Una denuncia forte ma che vuole creare prima di tutto consapevolezza, altrimenti i problemi potrebbero essere molto seri.
Il caso portato da Perego: una barriera invisibile che salva la sala
«Partiamo da un caso studio che ho seguito io personalmente, un ristorante in cui c'era una cucina e una sala pranzo adiacenti con problemi di puzza di cibo che entrava in sala».
Nel ristorante analizzato, la cappa esistente presentava un ventilatore centrifugo con portata di 7.000 mc/h, insufficiente rispetto ai circa 15.000 mc/h necessari per la superficie di aspirazione. La lunghezza delle canalizzazioni e le curve a 90° limitavano ulteriormente l’efficienza.

Secondo Perego, le principali cause della diffusione degli odori erano due: un sottodimensionamento della cappa e una pressione negativa eccessiva nella sala pranzo. «Se c'è un richiamo d'aria, perché c'è depressione da parte della sala pranzo, chiaramente i fumi dalla cucina escono e vanno lì», spiega il tecnico. In pratica, quando la sala è in depressione, l’aria viene aspirata verso di essa dalla cucina, come se una cannuccia prelevasse l’aria da un ambiente all’altro, causando il passaggio indesiderato dei fumi di cottura. Questi fenomeni compromettono il comfort dei clienti e creano un rischio igienico-sanitario in quanto particelle di grasso e polveri possono depositarsi sulle superfici.

La soluzione ha previsto un ventilatore più performante (9.000 mc/h a 800 Pa) e l’installazione di barriere a lama d’aria per limitare la diffusione di odori verso la sala. «Abbiamo inserito una barriera lama d'aria, che è praticamente quell'oggetto orizzontale che si mette sopra le porte che butta giù l'aria e ti crea praticamente una porta fittizia fatta d'aria che divide gli ambienti», prosegue Perego. Le barriere d’aria rappresentano una soluzione efficace per isolare la cucina dalla sala pranzo, limitando la diffusione di odori anche con le porte aperte.
Dimensionamento e portata: dove molti ristoranti sbagliano
Un errore frequente nella progettazione riguarda il calcolo della portata delle cappe: deve garantire una velocità di aspirazione minima di 0,40 m/s sulla superficie di captazione. Se la velocità è inferiore, i fumi non vengono convogliati correttamente, contaminando la sala pranzo e compromettendo l’igiene del locale. La cappa deve essere dimensionata in base al piano cottura, con ventilatori adeguati alla portata necessaria e resistenza alle alte temperature.

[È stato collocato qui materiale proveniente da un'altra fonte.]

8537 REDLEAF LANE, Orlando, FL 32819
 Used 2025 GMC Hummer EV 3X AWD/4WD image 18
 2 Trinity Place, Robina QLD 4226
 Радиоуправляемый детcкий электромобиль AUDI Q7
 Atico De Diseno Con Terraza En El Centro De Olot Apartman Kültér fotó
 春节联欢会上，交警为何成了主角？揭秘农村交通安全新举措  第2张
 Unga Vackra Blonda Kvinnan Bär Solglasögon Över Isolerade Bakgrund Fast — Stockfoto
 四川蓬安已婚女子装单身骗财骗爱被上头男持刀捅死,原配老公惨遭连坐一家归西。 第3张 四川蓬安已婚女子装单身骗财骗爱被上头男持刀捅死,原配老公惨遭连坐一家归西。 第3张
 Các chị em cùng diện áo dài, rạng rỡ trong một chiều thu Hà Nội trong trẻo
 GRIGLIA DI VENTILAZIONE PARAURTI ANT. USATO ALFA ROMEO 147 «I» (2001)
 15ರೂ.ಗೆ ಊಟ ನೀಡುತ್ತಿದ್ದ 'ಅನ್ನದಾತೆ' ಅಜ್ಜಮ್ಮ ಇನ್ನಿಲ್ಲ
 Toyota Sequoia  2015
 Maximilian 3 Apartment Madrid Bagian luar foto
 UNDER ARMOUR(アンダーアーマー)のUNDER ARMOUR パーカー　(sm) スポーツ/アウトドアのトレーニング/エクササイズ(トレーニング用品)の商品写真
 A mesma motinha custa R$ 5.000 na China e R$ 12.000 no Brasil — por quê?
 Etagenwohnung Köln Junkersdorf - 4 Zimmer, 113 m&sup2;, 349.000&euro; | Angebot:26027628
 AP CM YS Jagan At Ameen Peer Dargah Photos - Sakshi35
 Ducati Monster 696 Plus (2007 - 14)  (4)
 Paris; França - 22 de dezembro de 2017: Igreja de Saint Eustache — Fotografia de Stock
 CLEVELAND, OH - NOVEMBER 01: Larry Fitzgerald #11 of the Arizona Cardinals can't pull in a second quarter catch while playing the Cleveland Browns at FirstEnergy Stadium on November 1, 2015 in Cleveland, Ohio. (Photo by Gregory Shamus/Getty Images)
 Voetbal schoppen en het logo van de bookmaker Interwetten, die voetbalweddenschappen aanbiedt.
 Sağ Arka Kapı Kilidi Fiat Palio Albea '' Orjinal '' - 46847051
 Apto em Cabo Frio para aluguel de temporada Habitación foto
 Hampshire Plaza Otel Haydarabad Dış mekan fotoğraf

Ricambio d’aria e normativa: non è solo una formalità
Oltre all’estrazione, è cruciale garantire il corretto ricambio d’aria nella sala pranzo tramite impianti di ventilazione canalizzata. La normativa UNI EN 16798-1 permette di calcolare le portate necessarie in base a superficie, numero di coperti e tipologia di edificio.

Vortice fornisce consulenza tecnica ai ristoratori, ma non interviene direttamente sulle canalizzazioni. «Possiamo fare un’analisi di quello che c'è e poi affidarci a partner che possono correggere l'errore», spiega Perego. La collaborazione con aziende specializzate permette di completare gli interventi con pulizia e sanificazione professionale, assicurando conformità alle normative e sicurezza.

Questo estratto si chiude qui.